In April 1946, Woody and his eighty-year-old great aunt Toyo walk through Ka-ke, a graveyard about fifteen miles outside Hiroshima, and view the memorial tombstone which represents the Wakatsuki family's honoring of Ko, whom they unofficially declared dead in 1913. Hesitant to approach his Old Country family, Woody eases the fear of rejection by bringing fifty pounds of sugar and soon connects securely with a loving family who accept his GI crewcut and his Americanness. During the night, he awakens to the tearful face of his aunt, sitting close enough to search out his Wakatsuki facial qualities. Woody is too moved to speak, yet longs to hear more of his family's history.

Analysis

This interlude, printed in italics, is a departure from the fragmentation wrought by the dissolution of Manzanar's homogeneity and restores a semblance of family, of wholeness to Woody. In a country where tombstones tilt crazily from the concussion of the atomic bomb, where upper-class homes preserve a threadbare respectability despite wartime privation, a GI Nisei, much like Alex Haley, author of Roots and Queen, pursues his ancestry. Woody, secure in a position of strength and authority over post-war provisions management, needs no handout. He is proud of his accomplishments, yet curiously needful of acceptance and esteem.

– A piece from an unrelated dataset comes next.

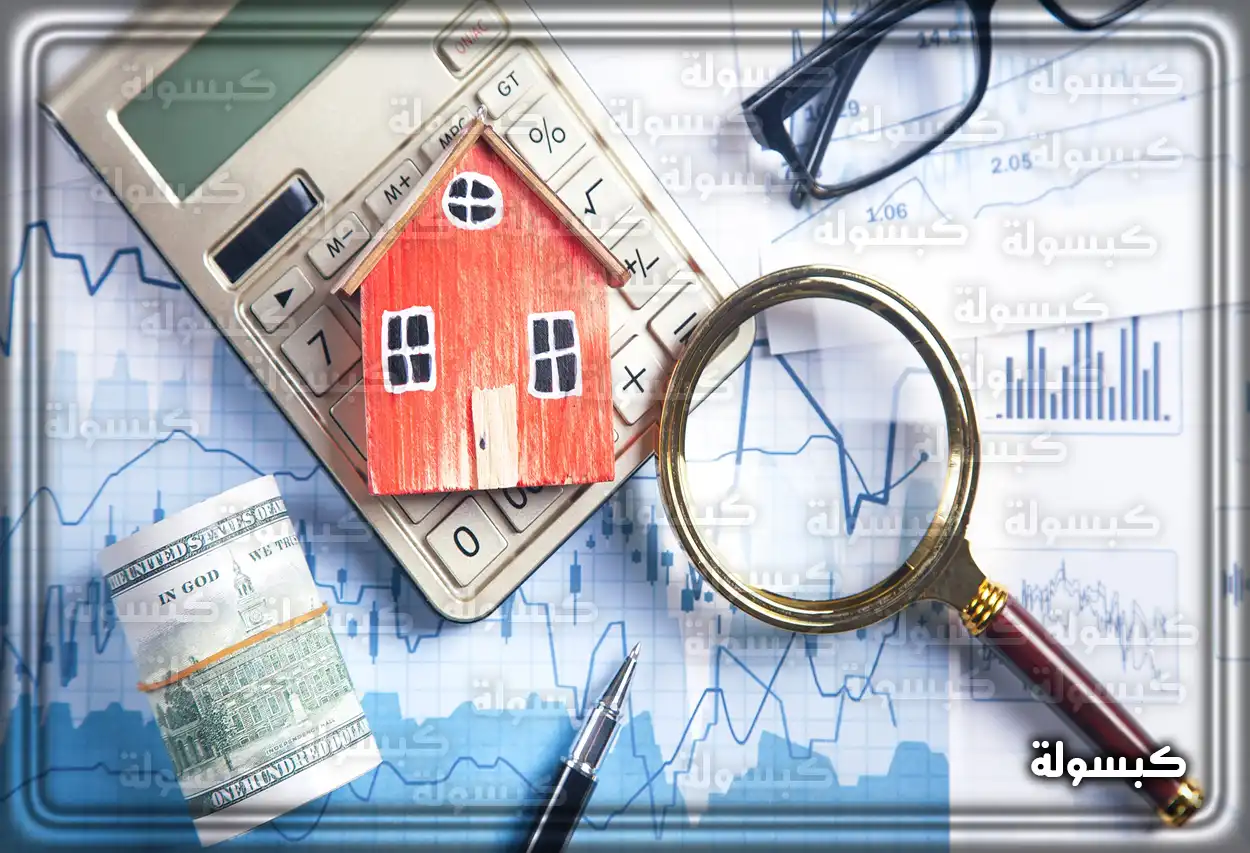 حاسبة وقلم على أوراق ضريبية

The pleasant exchanges with Toyo, his father's favorite aunt, whether spoken or wordless, produce an apotheosis, a dawning awareness of who he is and where he comes from. More than internal knowledge, the coming together provides him with a treasured, second-hand glimpse of his feisty, cocky father who verbally did battle with him throughout internment and refused to let go the reins of family control to an Americanized generation, one that had never known their Japanese legacy. Symbolically, Woody achieves his awareness while lying cocooned in restful repose, like an infant awakening in the bosom of a welcoming family. Out of respect to Ko, Woody, emotionally closed off from his aunts by "the dark, quiet maze of screens and mats and corridors," keeps to himself his perceptions. Instead of words tonight, next day, he will climb Papa's favorite hill to "see what his eyes used to see."

This drastic shift in time, place, and point of view — a re-creation of the pilgrimage motif — provides a useful buffer, a separation from the complex worries of how to leave Manzanar, how to pick up the threads of family support, how to face once more a world dominated by the privilege and power of white skin. Woody, the only American relative among native Japanese Wakatsukis, experiences an acceptance which bodes well for the family at home in the U.S. The authors seem to be concluding that if Aunt Toyo can overlook the cataclysm of Hiroshima and weep with joy over the family's lost sheep, then Ko, Mama, Jeanne, Granny, and the others, far across the Pacific, can make similar adjustments to a new world order.